Tudo o que eu disse é pelo constrangimento que pode ter sido causado ao nosso poeta, irmão de sonhos e amigo de infância Doquinha. Por Vicente Telles
Obrigado meu amigo Vicente Telles!!!
ResponderExcluirEu pensei que o meu silêncio seria a minha melhor resposta.No entanto, pra você, vou falar:
ESTA MÚSICA É TODA DE MINHA RESPONSABILIDADE(melodia, acordes, letra e o DP que você se refere). Em 1.978 quando fiz a canção, mostrei para o Lourival e para o Batista, que desejaram parceria. Lourival queria que a música falasse de militar(tenente) eu não aceitei e disse que não, pois a minha ideia era falar de bumba-meu-boi(folclore maranhense) juntando algumas frases do DP. Neste mesmo ano fizemos um show em Santa Inês denominado "Domingo de Julho" cujo título(escolhido por ARI produtor do show) se deve em referência à música(hoje é domingo...).
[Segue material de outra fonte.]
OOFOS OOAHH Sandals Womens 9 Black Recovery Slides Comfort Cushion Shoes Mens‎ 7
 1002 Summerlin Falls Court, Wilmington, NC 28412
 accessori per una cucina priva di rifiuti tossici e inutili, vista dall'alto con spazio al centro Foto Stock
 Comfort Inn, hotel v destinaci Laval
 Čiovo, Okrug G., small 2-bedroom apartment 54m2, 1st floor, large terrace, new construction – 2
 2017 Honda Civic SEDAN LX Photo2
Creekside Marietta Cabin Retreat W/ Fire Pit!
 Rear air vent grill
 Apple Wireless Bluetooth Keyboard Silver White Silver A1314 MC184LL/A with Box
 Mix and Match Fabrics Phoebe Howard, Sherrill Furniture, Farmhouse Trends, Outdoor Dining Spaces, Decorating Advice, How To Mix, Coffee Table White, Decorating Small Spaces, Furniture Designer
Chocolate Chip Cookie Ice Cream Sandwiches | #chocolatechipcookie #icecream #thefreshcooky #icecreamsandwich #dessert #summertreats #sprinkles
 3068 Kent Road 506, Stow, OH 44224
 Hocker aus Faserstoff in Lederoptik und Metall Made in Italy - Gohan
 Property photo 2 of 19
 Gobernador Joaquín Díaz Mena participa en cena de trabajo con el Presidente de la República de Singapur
Em 1.980 o Lourival queria fazer o show Canto Razão em São Luis(MA) e ME PEDIU parceria na música(coisa que acontece usualmente entre amigos de música) e eu como sempre querendo ajudá-lo, concordei para aquele show. Os anos se passaram, 2011, resolvi gravar. Tentei entrar em contato com Lourival não consegui(só caixa postal). Entrei em contato com Batista que foi humilde e me disse que a parceria era dele(verdade que nós dois cantamos muito a música juntos), mas tudo bem que eu poderia dar parceria para o Lourival também. Como não encontrei o Lourival e ele já havia gravado vários discos sem NUNCA GRAVAR A MÚSICA( eu nunca vi ele cantando a mesma, aliás ele nunca gravou um bumba-meu-boi, talvez não goste) achei que não se importaria, afinal a parceria tinha sido apenas para o show Canto Razão. E foi isso aí meu amigo Vicente Telles, o Lourival mostrou que não é apenas brigão, inconveniente, mau caráter(dizer que foi o mentor da ideia) como também um INGRATO! Grande abraço do seu amigo Doquinha.